Hurricane Katrina, 2 years on: portraits by Clayton James Cubitt


Two years ago today, Hurricane Katrina destroyed thousands of homes, business, and lives in America.

Photographer Clayton James Cubitt has personal ties to the Gulf Coast, and his portraits of Katrina survivors are featured in this month's issue of Eyemazing, the international journal of contemporary photography, along with an interview. Snip:

CM: Where were they taken? All of them except for three seem to be taken in a studio-like setting. Why did you choose that rather than shooting the subjects in the context of their surroundings at the time?

CJC: The studio portraits were taken in a former school gymnasium that had been cleared out and cleaned, and was serving as a distribution point for aid in the small Gulf Coast town of Pearlington, Mississippi, which was ground zero for Hurricane Katrina. The whole town was under 30 feet of storm surge, and had to fend for itself with no outside help for almost ten days.

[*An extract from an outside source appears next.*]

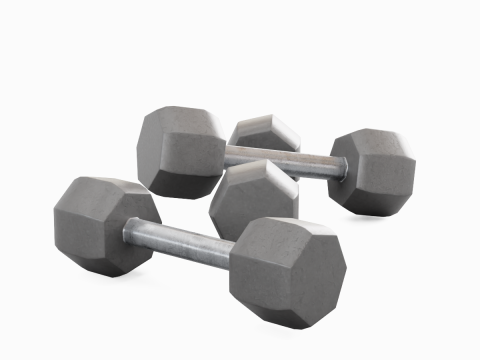 Steel Dumbell 02 Model 3D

I wanted to shoot many portraits in a studio context in order to separate these images from the flood of photojournalistic images that came out of New Orleans. I think people have become so jaded as visual consumers that when they see a photograph that's obviously reportage, they immediately shove it into a safe little compartment called "other." This happens in Haiti, or Africa, or Pakistan, not America, and all the images look the same, with the victims of the tragedy filling the same role, that of making Americans feel relieved that they live in America. Well, this is America.

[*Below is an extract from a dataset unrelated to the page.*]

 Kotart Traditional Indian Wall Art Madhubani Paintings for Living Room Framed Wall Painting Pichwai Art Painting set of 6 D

I wanted to short-circuit that automatic filing. I wanted to present these people with the same care and respect I would use when on assignment shooting a portrait of a celebrity or a politician. I think it allows for a lingering appreciation of what they've been through, in small doses, rather than in an overwhelming image of total disaster, which is very hard to really absorb in the two seconds most viewers allot a photograph.

But mostly, I wanted to treat them with the respect they deserve, but never get.

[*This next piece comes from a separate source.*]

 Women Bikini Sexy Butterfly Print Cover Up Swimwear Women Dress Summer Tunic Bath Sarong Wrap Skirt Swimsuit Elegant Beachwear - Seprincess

Link. Here are more Katrina-related photos from Clayton: Link.

Discussion

Take a look at this
#1 posted by Anonymous , August 29, 2007 10:26 PM

Man, I really like the pictures Siege takes.

Take a look at this
#2 posted by Sam Author Profile Page, August 29, 2007 11:36 PM

To me, it seems like this guy wants to sanitize the situation. I don't think that respecting people who lived through katrina means removing them from the harsh envronment in which they were placed. My mother is quietly going insane in a fema trailer as the only inhabitant on her block. The crack heads on the next block were rubbed out with an ak-47 that blew the entire side off their fema trailer and the cops didn't even come out to take a body count until the next day. The guy inside bled to death, even though my mom was on the phone with the cops when the gunmen drove past her. Tell me why a picture of some dude in a generic setting is going to do this tragedy some measure of justice.

"How many gunshots did you hear?"

"Um, it sounded like 'Aht-aht-aht-aht-aht-aht-aht'"

"So, a lot?"

Take a look at this
#3 posted by Anonymous , August 30, 2007 1:26 AM

I took some portraits too, although I took them all during and right after the storm, and not just in New Orleans.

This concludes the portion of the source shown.